Shortly after the McGill Contingent arrived in Metis, members of the Molson family, including Walter Molson and F. W. Molson – the latter was a director of the Molson Bank, which merged with the Bank of Montreal in 1925 – decided that it was only fit that they too made the seasonal trek alongside these university elites.
The Fleet Family
Related to the Redpath family by marriage, the Fleets also were well known in Metis for their close ties to McGill. At the head of the Fleet family in Metis was the Montreal lawyer and McGill graduate, Charles James Fleet (1852-1927) , who served as president of the Graduates’ Society and as a governor of McGill from 1893 until his death in 1927. He also inherited Jane Drummond Redpath’s house, Staquan Lodge.
Take a look at this excerpt from the Quebec Morning Chronicle, published on 18 May 1896:
Prof. [Charles] Ashley Car[us]-Wilson and family, who will spend the summer at Metis, where McGill University is represented yearly by the families of Sir William Dawson; Professor Bovey, Dean of the Faculty of Applied Science; Professor B.J. Harrington and Mr.

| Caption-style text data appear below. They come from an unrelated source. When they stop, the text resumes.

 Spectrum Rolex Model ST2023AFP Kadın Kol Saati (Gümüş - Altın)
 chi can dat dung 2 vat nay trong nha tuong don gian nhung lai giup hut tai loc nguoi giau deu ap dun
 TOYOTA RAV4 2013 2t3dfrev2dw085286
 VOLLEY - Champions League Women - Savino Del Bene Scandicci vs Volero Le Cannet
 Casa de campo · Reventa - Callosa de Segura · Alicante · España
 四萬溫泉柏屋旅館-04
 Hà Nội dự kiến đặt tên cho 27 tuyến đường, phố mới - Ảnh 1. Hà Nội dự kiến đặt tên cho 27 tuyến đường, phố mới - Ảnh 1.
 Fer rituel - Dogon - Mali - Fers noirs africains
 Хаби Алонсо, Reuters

C.J. Fleet, one of the Governors of the University, have taken the cottage of Miss Miller at that favourite resort.
While many members of the McGill community came to Metis yearly, there were also a number of McGillians who only made the occasional visit. These professors, financiers and governors would often rent a cottage with their family or spend a weekend or two with one of their McGill colleagues. Mentioned in the article above is Professor Charles Ashley Carus-Wilson, a British electrical engineer who held the position of McDonald Chair of Electrical Engineering at McGill from 1890 to 1898. It is presumed that Professor Carus-Wilson was one of these ‘occasional visitors’.
The Hague Family
One of the first McGill financiers to join the summer settlement in Metis was George Hague (1825-1915) – a banker and member of the McGill Board of Governors.

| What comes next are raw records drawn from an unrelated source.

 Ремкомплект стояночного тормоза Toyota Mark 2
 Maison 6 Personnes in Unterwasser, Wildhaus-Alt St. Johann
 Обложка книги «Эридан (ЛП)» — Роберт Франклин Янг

In 1877, George Hague built Rotherwood Cottage [23, 24, 25], which he named after the family’s Montreal residence. While the original Rotherwood Cottage burnt down in 1969, many descendants of the Hague family today remember what the old cottage used to look like. George’s great-granddaughter, Nora Hague, recalls the original home as being a three-story Victorian “cottage” built in a nice pine.
The Reford Family
On the McGill Campus today, the Refords are best known for their contribution to the university’s agricultural school, Macdonald College, which is located in St. Anne de Bellevue, Quebec.

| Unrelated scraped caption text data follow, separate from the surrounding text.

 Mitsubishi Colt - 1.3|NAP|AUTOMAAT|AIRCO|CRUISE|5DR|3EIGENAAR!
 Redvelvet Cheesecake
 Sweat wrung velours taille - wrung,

In 1891, Robert Reford (1831-1913) – a businessman and philanthropist known for establishing the Robert Reford shipping company in 1866 – came up with the idea of developing a model farm  on one of the properties he purchased, just north of Ste-Anne-de-Bellevue. Reford Farms, as it is sometimes still called, housed a herd of Ayrshire dairy cattle , imported straight from Scotland, which were exhibited and sold across North America. After the farm was built, Robert Reford realized that its purpose (as an experimental farm) would be better served if it was given to the university; in this way, McGill could further its efforts to promote modern agriculture and rural education – something that was desperately needed.[xx] In 1904, he convinced Sir William Macdonald – the founder of Macdonald College – to purchase Reford Farms, which Macdonald then bequeathed to McGill to form the basis of an agricultural college. Without Robert Reford’s original plan to build this farm, McGill’s Macdonald Campus would likely never have been formed.[xxi]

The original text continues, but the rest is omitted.